**What you have to do**
Will you quote all of the entries, word for word?

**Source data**
-=-=-

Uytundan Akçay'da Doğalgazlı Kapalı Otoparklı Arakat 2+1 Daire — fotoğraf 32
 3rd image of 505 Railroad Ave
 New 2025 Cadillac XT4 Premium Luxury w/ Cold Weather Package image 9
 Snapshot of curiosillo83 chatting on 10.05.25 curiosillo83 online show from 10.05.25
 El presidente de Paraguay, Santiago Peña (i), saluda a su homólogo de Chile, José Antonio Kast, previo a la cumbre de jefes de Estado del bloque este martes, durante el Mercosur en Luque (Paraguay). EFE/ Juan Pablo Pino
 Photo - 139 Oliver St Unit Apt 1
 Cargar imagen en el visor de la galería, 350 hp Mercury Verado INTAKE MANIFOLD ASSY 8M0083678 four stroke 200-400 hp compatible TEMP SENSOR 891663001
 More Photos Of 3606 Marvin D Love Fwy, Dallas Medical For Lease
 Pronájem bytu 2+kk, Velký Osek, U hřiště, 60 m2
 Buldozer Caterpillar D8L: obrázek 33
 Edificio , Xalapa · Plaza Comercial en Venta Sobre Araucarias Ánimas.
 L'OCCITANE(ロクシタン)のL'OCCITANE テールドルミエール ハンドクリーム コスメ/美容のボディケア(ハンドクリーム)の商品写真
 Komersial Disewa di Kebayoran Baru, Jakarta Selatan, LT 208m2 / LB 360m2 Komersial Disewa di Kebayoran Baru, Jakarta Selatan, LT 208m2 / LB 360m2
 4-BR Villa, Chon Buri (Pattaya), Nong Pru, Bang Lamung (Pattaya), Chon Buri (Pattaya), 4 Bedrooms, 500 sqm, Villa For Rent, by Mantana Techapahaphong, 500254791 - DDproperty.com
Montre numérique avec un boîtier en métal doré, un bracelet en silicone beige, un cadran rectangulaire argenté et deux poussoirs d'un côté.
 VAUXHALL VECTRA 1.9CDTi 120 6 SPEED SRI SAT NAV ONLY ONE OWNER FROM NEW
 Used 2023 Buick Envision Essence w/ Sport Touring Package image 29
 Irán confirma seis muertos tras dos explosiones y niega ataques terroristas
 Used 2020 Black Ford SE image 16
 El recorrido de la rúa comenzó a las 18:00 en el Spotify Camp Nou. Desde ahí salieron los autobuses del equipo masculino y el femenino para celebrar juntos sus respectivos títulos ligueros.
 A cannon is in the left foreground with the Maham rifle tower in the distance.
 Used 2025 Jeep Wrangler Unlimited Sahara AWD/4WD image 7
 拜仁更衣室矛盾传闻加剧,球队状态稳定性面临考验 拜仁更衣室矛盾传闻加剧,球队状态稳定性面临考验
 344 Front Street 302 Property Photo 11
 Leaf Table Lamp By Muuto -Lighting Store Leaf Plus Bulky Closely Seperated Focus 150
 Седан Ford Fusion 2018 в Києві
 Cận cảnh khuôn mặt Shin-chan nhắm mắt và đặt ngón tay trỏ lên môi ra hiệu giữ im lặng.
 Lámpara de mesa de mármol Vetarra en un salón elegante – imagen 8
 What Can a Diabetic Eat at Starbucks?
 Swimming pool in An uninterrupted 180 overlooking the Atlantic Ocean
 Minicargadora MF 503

-=-=-

**Exercise answer**
Uytundan Akçay'da Doğalgazlı Kapalı Otoparklı Arakat 2+1 Daire — fotoğraf 32
 3rd image of 505 Railroad Ave
 New 2025 Cadillac XT4 Premium Luxury w/ Cold Weather Package image 9
 Snapshot of curiosillo83 chatting on 10.05.25 curiosillo83 online show from 10.05.25
 El presidente de Paraguay, Santiago Peña (i), saluda a su homólogo de Chile, José Antonio Kast, previo a la cumbre de jefes de Estado del bloque este martes, durante el Mercosur en Luque (Paraguay). EFE/ Juan Pablo Pino
 Photo - 139 Oliver St Unit Apt 1
 Cargar imagen en el visor de la galería, 350 hp Mercury Verado INTAKE MANIFOLD ASSY 8M0083678 four stroke 200-400 hp compatible TEMP SENSOR 891663001
 More Photos Of 3606 Marvin D Love Fwy, Dallas Medical For Lease
 Pronájem bytu 2+kk, Velký Osek, U hřiště, 60 m2
 Buldozer Caterpillar D8L: obrázek 33
 Edificio , Xalapa · Plaza Comercial en Venta Sobre Araucarias Ánimas.
 L'OCCITANE(ロクシタン)のL'OCCITANE テールドルミエール ハンドクリーム コスメ/美容のボディケア(ハンドクリーム)の商品写真
 Komersial Disewa di Kebayoran Baru, Jakarta Selatan, LT 208m2 / LB 360m2 Komersial Disewa di Kebayoran Baru, Jakarta Selatan, LT 208m2 / LB 360m2
 4-BR Villa, Chon Buri (Pattaya), Nong Pru, Bang Lamung (Pattaya), Chon Buri (Pattaya), 4 Bedrooms, 500 sqm, Villa For Rent, by Mantana Techapahaphong, 500254791 - DDproperty.com
Montre numérique avec un boîtier en métal doré, un bracelet en silicone beige, un cadran rectangulaire argenté et deux poussoirs d'un côté.
 VAUXHALL VECTRA 1.9CDTi 120 6 SPEED SRI SAT NAV ONLY ONE OWNER FROM NEW
 Used 2023 Buick Envision Essence w/ Sport Touring Package image 29
 Irán confirma seis muertos tras dos explosiones y niega ataques terroristas
 Used 2020 Black Ford SE image 16
 El recorrido de la rúa comenzó a las 18:00 en el Spotify Camp Nou. Desde ahí salieron los autobuses del equipo masculino y el femenino para celebrar juntos sus respectivos títulos ligueros.
 A cannon is in the left foreground with the Maham rifle tower in the distance.
 Used 2025 Jeep Wrangler Unlimited Sahara AWD/4WD image 7
 拜仁更衣室矛盾传闻加剧,球队状态稳定性面临考验 拜仁更衣室矛盾传闻加剧,球队状态稳定性面临考验
 344 Front Street 302 Property Photo 11
 Leaf Table Lamp By Muuto -Lighting Store Leaf Plus Bulky Closely Seperated Focus 150
 Седан Ford Fusion 2018 в Києві
 Cận cảnh khuôn mặt Shin-chan nhắm mắt và đặt ngón tay trỏ lên môi ra hiệu giữ im lặng.
 Lámpara de mesa de mármol Vetarra en un salón elegante – imagen 8
 What Can a Diabetic Eat at Starbucks?
 Swimming pool in An uninterrupted 180 overlooking the Atlantic Ocean
 Minicargadora MF 503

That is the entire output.